10. De werkgever meldt alle nieuwe en bestaande werknemers voor wie geen vrijstelling geldt per ommegaande aan bij Pensioenfonds Recreatie.
Toelichting
Dit betreft uiteraard dan alleen werknemers die niet onder de vrijstelling, maar wel onder de verplichtstelling vallen.

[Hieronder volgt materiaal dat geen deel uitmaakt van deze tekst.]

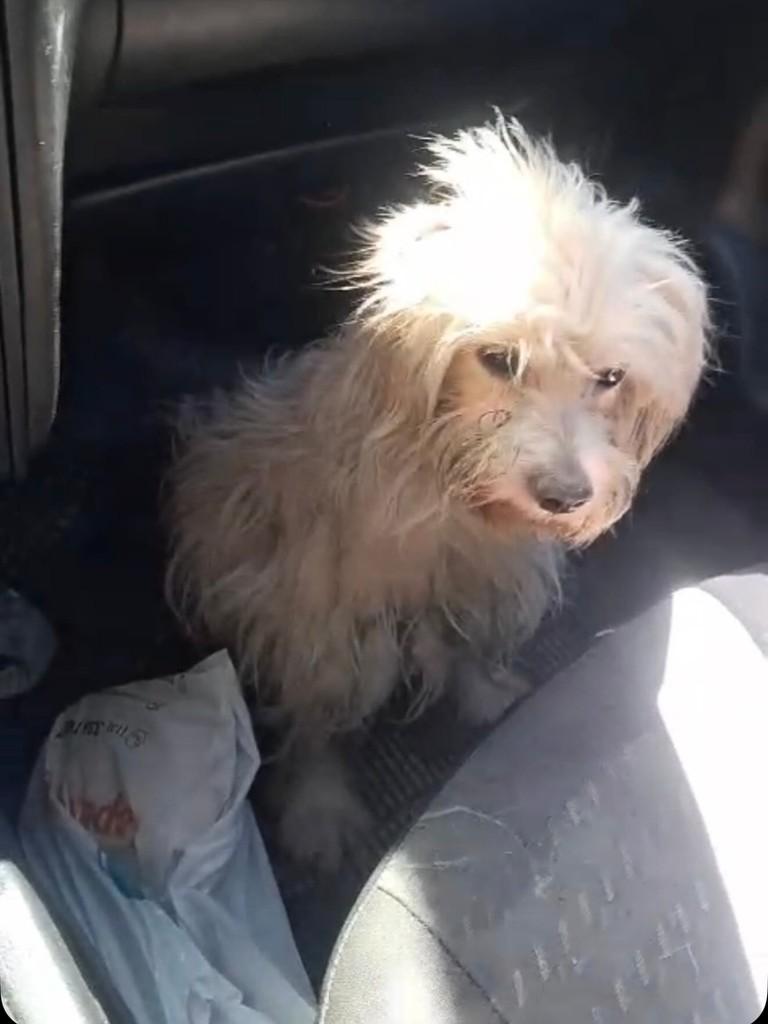 Dioguinho, cachorro de porte pequeno para adoção em Santos - SP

De werkgever heeft daarnaast de mogelijkheid nieuwe werknemers die niet onder de verplichtstelling vallen, vrijwillig te laten deelnemen.
Overige voorwaarden
11. De werkgever verstrekt aan De Nederlandsche Bank en aan het bestuur van Pensioenfonds Recreatie, alle inlichtingen die De Nederlandsche Bank of Pensioenfonds Recreatie ter verzekering van een goede uitvoering van de Wet verplichte deelneming in een bedrijfstakpensioenfonds 2000 verlangt.
12. Indien de werkgever zijn plicht tot het verstrekken van inlichtingen op grond van het bovenstaande niet, niet volledig of niet tijdig nakomt, is het fonds bevoegd om aan de werkgever een boete op te leggen, naast het eventuele recht op schadevergoeding Deze boete bedraagt maximaal € 5.000,- per kwartaal.
13. Indien niet (langer) voldaan wordt aan de hierboven genoemde voorwaarden voor vrijstelling of de grond voor vrijstelling is vervallen, zal Pensioenfonds Recreatie de vrijstelling intrekken.
14. Er zijn geen juridische bezwaren tegen de voortzetting van de bestaande pensioenregeling door de nieuwe werkgever.
Benodigde documenten
• Schriftelijk verzoek van de nieuwe werkgever
• Sociaal Plan of daarmee gelijk te stellen document:
gedateerd sociaal plan dat is ondertekend door gemeente en sociale partners, dan wel een door werkgever en vakbonden gesloten overeenkomst of een ander document zoals aangegeven in voorwaarde 2.
• Kopie van de contractuele bepaling waaruit blijkt dat de nieuwe werkgever verplicht is de bestaande pensioenregeling voort te zetten.
• Kopie van het pensioenreglement en het uitvoeringsreglement van de bestaande pensioenregeling (geldt niet indien bestaande regeling van ABP is).
• Verklaring van de pensioenuitvoerder van de bestaande pensioenregeling dat die regeling ten minste actuarieel en financieel gelijkwaardig is aan de pensioenregeling van het fonds (geldt niet indien bestaande regeling van ABP is).
• Verklaring van de nieuwe werkgever dat hij de activiteiten van de oude werkgever ongewijzigd voortzet.
• Lijst van werknemers die in dienst zijn op het moment van overname van de arbeidsovereenkomsten door de nieuwe werkgever.
• Als de bestaande pensioenregeling de regeling van ABP is: Intentieverklaring van ABP dat de vrijwillige aansluiting die door de vorige werkgever met ABP is overeengekomen, door de nieuwe werkgever kan worden voortgezet.
• Als de bestaande pensioenregeling is ondergebracht bij een andere pensioenuitvoerder dan ABP:
een verklaring van die uitvoerder dat de uitvoeringsovereenkomst inzake de bestaande pensioenregeling door de nieuwe werkgever wordt voortgezet.
Termijnen afhandeling vrijstellingsaanvraag
Pensioenfonds Recreatie is gehouden de volgende termijnen in acht te nemen:
• Binnen twee weken wordt beoordeeld of het verzoek in behandeling genomen kan worden;
• Zo nodig krijgt de werkgever vier weken de tijd om aanvullende informatie aan te leveren (het fonds gaat hier doorgaans soepel mee om);
• Zodra het dossier compleet is, beslist het bestuur binnen zes weken.
Klachten- en geschillenprocedure
Op de procedure van de aanvraag voor afwikkelingsvrijstelling is de Klachten- en geschillenregeling van het fonds van toepassing. Het Klachten- en Geschillenreglement is te vinden op de website van het fonds.
Klachten worden behandeld door de administrateur, TKP, waarna de werkgever eventueel in beroep kan bij het bestuur van het fonds.